Independent consulting physicians determined that the Plaintiff could work twenty-five hours per week. Under ERISA policies, individuals capable of sedentary-to-light work are not considered totally disabled. The Plaintiff carries the burden of proving her disability, which the Court finds she has not met. Although the Plaintiff claims the need for rest breaks prevents her from part-time work, this argument is dismissed. Relevant case law supports that inability to stand or walk for extended periods does not equate to an inability to perform part-time sedentary work. The administrator's assessment that the Plaintiff could work while engaging in swimming activities is deemed reasonable.

The Plan requires proof of disability through "significant objective findings," defined as observable anatomical, physiological, or psychological abnormalities noted in tests or medical exams. The Court finds that this requirement is not ambiguous, as established in previous cases within the Circuit. The Plaintiff has failed to provide the necessary proof of total disability, as her claims of pain lack substantiation by significant objective findings. Additionally, the Plaintiff's assertion that the Plan's requirement for significant findings is arbitrary and capricious is also rejected, as the Plan's definition is clear and consistent with established standards.

Defendants reference Brucks v. Coca-Cola Co. to highlight the importance of requiring objective evidence for claims related to diagnosed conditions, asserting that such a requirement ensures fairness and integrity in the legal process by preventing subjective claims from influencing coverage decisions. The court supports this view, emphasizing that claimants must demonstrate actual disabilities rather than perceived ones, and that objective evidence helps deter fraudulent claims.

Plaintiff's challenge to the denial of Long-Term Disability (LTD) benefits for April 1-5, 2014, is rejected. The court finds that Plaintiff was not an Eligible Employee during this period due to being on unapproved leave, and thus Aetna was not obligated to provide benefits. The court concludes that Aetna's denial was not de novo wrong, aligning with the Eleventh Circuit's analysis framework, which favors the claim administrator's decision.

Regarding the alleged conflict of interest, the court notes that it is unnecessary to address this issue since the administrator's decision was upheld. However, it clarifies that Aetna, as the Claims Paying Administrator, acted without a conflict because it does not fund or administer the LTD plan, and its decisions are based on the exclusive discretion granted by the Plan. The burden is on the Plaintiff to prove any wrongdoing, which was not demonstrated in this case.

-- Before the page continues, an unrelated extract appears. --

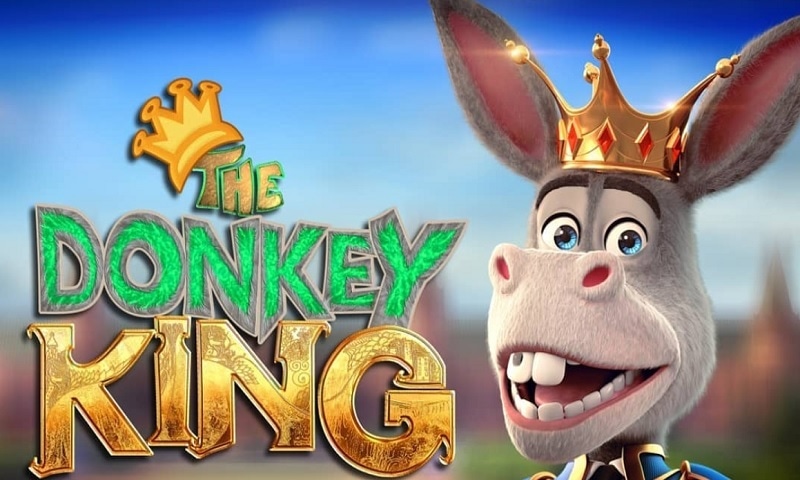 New Record For The Donkey King: Highest Ever Earnings On Second Weekend! - HIP New Record For The Donkey King: Highest Ever Earnings On Second Weekend! - HIP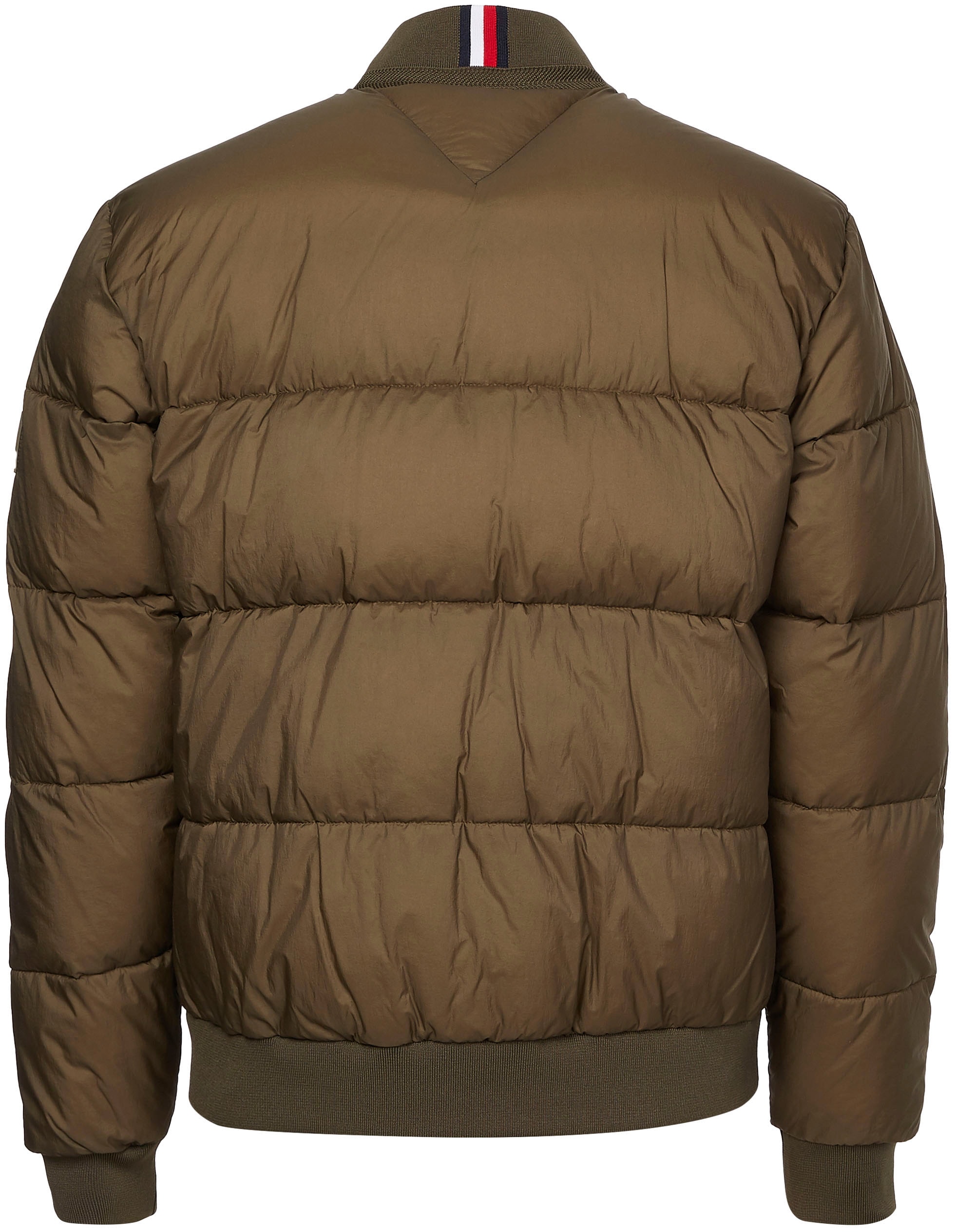 Tommy Hilfiger Steppjacke »HIGH LOFT BOMBER«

Defendants' Motion for Summary Judgment has been granted, resulting in the cancellation of the pretrial conference set for June 8, 2016. The Clerk is instructed to enter judgment in favor of the Defendants, terminate all pending motions, and close the case. The Plaintiff did not file a timely response to the summary judgment motion, prompting the Court to issue an order to show cause regarding the motion being treated as unopposed. The Plaintiff attributed the delay to a misunderstanding of the Local Rules. Additionally, the Plaintiff failed to respond timely to the Defendants' motion for a protective order, and her initial response did not comply with the Local Rules; this response was struck, leading to a subsequent submission that she claimed adhered to the rules. The Court advises the Plaintiff’s counsel to review the Local and Federal Rules of Civil Procedure before future practice. The term "claudation," not defined by the parties, refers to pain or cramping in the lower leg due to inadequate blood flow. Aetna's denial letter specified that "significant objective findings" are observable abnormalities noted during medical examinations, separate from the Plaintiff's symptoms. Aetna also clarified that the relevant standard for disability under the Plan is the ability to perform any occupation for at least 25 hours per week, rather than the ability to perform the Plaintiff’s previous job.